Records for processing below:

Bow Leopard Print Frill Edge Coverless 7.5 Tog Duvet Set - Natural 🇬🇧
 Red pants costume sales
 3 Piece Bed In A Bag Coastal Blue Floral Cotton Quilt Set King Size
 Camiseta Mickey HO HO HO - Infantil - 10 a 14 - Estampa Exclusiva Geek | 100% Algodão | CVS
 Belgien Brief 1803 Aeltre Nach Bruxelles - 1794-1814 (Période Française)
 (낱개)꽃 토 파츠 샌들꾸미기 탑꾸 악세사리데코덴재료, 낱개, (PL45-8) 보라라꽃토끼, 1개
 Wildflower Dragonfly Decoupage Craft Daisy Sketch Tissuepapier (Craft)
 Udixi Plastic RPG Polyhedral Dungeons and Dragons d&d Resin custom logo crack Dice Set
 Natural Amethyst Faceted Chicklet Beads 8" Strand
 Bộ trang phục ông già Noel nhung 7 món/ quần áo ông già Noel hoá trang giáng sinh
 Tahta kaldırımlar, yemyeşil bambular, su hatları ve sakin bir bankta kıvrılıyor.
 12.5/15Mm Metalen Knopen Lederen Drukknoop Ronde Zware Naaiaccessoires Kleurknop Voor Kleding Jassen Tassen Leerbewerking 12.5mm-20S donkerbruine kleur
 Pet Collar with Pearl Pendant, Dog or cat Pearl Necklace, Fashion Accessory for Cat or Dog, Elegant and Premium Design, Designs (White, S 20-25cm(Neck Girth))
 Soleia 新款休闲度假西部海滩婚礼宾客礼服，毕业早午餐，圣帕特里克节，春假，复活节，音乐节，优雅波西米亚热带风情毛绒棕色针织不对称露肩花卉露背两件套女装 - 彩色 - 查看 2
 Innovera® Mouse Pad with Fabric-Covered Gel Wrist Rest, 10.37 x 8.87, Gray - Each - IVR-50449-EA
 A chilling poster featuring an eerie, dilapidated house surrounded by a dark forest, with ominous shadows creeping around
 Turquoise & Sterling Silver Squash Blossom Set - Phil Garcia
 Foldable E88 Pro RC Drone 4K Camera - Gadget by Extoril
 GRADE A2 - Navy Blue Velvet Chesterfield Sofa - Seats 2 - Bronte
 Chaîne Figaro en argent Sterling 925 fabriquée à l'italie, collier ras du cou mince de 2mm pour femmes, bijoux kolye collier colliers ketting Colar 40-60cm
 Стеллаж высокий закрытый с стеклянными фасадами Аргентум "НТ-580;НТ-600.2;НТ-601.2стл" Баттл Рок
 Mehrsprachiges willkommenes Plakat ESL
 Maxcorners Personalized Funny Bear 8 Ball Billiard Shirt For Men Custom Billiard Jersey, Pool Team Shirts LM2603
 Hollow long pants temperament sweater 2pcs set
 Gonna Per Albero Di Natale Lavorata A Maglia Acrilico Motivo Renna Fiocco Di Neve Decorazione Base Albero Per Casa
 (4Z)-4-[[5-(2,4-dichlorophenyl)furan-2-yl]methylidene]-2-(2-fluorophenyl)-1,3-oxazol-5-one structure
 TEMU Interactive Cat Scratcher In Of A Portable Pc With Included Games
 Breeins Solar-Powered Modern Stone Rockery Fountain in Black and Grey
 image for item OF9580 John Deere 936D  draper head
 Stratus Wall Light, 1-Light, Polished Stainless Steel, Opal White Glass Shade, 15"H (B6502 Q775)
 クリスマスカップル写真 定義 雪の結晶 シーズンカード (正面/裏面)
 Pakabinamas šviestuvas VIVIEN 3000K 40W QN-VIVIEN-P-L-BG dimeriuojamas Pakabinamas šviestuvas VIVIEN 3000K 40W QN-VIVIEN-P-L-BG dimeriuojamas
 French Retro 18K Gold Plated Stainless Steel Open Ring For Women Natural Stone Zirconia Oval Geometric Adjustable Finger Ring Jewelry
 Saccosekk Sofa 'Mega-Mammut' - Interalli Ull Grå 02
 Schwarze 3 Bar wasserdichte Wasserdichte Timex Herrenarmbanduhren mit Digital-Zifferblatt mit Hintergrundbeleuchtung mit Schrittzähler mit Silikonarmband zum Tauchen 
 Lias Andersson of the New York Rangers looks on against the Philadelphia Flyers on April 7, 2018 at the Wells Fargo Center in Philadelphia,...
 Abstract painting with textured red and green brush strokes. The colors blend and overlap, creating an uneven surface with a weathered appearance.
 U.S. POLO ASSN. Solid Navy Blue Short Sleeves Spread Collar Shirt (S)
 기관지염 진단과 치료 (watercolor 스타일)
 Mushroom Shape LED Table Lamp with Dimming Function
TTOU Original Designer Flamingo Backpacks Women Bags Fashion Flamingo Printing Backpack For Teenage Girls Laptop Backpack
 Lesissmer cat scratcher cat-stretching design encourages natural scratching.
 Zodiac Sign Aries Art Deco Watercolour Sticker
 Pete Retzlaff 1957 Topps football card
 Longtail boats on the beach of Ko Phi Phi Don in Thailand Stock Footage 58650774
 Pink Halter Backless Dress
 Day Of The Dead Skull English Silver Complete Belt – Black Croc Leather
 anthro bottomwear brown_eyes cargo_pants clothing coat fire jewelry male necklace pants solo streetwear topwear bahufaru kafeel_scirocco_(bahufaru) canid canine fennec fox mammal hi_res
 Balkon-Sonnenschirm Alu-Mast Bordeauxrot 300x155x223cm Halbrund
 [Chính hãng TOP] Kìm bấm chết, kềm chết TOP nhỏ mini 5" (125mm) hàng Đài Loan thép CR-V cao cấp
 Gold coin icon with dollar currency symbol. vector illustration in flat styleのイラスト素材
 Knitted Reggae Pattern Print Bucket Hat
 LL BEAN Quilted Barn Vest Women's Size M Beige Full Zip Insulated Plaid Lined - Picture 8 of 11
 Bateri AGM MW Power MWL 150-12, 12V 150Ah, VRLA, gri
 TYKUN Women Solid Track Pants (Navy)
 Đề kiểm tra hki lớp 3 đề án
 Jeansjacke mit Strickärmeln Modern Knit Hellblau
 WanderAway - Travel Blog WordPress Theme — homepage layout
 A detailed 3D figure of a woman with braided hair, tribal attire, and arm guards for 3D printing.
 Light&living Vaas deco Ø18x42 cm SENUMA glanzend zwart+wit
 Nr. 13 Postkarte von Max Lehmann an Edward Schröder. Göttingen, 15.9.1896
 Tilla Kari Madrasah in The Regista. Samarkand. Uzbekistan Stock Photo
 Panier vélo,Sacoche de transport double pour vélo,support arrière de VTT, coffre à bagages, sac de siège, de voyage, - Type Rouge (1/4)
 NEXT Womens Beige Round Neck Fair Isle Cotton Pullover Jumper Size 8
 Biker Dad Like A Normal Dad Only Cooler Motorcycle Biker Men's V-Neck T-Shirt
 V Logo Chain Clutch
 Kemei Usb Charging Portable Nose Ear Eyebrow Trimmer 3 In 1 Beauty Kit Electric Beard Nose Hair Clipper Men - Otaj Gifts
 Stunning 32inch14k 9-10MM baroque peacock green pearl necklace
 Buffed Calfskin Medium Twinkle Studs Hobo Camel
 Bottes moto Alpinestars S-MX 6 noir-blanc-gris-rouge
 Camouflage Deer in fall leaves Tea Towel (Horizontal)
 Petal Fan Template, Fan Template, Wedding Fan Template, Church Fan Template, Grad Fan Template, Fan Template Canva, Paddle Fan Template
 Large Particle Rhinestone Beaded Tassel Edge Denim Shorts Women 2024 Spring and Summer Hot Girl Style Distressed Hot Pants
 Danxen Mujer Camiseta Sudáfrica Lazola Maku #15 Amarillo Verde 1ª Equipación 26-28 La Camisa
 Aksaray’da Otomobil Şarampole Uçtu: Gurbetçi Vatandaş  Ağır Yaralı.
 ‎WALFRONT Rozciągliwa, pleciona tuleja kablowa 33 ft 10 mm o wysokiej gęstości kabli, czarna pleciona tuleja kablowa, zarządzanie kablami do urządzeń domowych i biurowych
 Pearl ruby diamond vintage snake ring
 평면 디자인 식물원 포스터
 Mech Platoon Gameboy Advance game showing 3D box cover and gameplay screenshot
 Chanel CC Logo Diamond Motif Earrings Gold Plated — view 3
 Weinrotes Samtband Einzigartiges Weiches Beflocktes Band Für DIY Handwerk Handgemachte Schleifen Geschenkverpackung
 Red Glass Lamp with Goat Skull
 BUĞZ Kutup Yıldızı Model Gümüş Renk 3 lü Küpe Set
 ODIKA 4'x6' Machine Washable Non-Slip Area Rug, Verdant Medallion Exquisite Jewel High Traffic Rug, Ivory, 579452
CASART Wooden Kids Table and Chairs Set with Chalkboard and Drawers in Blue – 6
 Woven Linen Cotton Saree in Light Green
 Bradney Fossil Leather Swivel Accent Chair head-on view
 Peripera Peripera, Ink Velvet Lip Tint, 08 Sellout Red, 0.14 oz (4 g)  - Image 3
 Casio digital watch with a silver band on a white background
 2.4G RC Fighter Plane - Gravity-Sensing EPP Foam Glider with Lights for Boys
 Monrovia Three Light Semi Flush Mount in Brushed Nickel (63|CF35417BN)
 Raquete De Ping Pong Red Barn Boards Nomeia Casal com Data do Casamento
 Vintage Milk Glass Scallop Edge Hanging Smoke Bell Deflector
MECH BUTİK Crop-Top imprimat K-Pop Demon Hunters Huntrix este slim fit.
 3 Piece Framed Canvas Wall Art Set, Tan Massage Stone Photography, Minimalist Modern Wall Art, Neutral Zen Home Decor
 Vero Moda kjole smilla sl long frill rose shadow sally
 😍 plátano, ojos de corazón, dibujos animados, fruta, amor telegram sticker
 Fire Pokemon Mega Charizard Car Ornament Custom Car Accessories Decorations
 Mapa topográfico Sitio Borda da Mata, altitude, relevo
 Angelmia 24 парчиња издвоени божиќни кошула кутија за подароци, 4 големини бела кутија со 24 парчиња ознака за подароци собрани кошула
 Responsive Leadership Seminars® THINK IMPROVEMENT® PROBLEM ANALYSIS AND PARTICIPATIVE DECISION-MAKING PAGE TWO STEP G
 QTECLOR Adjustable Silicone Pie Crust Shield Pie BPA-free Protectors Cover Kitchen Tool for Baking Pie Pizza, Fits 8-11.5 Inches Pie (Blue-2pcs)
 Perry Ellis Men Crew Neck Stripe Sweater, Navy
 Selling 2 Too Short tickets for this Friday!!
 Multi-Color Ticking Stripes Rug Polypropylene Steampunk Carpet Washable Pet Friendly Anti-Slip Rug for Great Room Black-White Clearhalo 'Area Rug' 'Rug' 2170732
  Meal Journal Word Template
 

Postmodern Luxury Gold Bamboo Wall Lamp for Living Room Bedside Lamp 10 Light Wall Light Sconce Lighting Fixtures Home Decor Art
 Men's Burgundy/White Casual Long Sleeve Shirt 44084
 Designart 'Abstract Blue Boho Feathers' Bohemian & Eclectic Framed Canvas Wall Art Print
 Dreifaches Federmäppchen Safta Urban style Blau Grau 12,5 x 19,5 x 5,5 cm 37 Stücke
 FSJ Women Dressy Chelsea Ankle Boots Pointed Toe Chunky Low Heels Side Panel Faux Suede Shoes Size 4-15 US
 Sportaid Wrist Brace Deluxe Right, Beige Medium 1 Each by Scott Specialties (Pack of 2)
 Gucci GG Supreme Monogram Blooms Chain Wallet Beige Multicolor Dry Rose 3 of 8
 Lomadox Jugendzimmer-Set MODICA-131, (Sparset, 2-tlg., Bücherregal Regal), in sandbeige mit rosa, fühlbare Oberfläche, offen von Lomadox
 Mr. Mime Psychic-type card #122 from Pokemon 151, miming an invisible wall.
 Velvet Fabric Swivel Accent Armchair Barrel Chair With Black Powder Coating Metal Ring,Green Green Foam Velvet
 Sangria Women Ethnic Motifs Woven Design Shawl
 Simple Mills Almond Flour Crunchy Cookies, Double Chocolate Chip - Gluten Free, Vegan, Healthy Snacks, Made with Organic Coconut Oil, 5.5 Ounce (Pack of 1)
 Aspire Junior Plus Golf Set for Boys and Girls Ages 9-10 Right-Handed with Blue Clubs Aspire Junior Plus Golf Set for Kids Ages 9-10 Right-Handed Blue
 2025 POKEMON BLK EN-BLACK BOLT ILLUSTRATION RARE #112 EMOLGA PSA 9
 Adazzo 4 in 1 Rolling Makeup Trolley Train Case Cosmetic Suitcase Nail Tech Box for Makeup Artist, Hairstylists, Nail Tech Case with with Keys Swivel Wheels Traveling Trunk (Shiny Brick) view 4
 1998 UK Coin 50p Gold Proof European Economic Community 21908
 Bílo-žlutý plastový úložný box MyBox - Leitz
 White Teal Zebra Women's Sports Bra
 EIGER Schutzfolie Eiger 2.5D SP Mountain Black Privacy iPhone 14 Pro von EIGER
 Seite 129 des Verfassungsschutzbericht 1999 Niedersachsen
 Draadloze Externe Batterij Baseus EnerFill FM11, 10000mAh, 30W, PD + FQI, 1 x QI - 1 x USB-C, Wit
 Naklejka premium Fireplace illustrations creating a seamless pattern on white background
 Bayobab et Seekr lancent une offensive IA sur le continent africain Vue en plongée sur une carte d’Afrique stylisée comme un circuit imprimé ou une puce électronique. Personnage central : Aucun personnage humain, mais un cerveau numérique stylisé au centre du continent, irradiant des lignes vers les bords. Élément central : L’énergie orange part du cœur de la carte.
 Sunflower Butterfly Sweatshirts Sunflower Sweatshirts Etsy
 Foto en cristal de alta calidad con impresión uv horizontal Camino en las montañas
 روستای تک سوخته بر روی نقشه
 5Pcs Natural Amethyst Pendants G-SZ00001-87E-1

End of Records for processing.

=== Assigned task ===
Lines above containing "Girls": how many? Reply with the number only.

=== Solved problem ===
2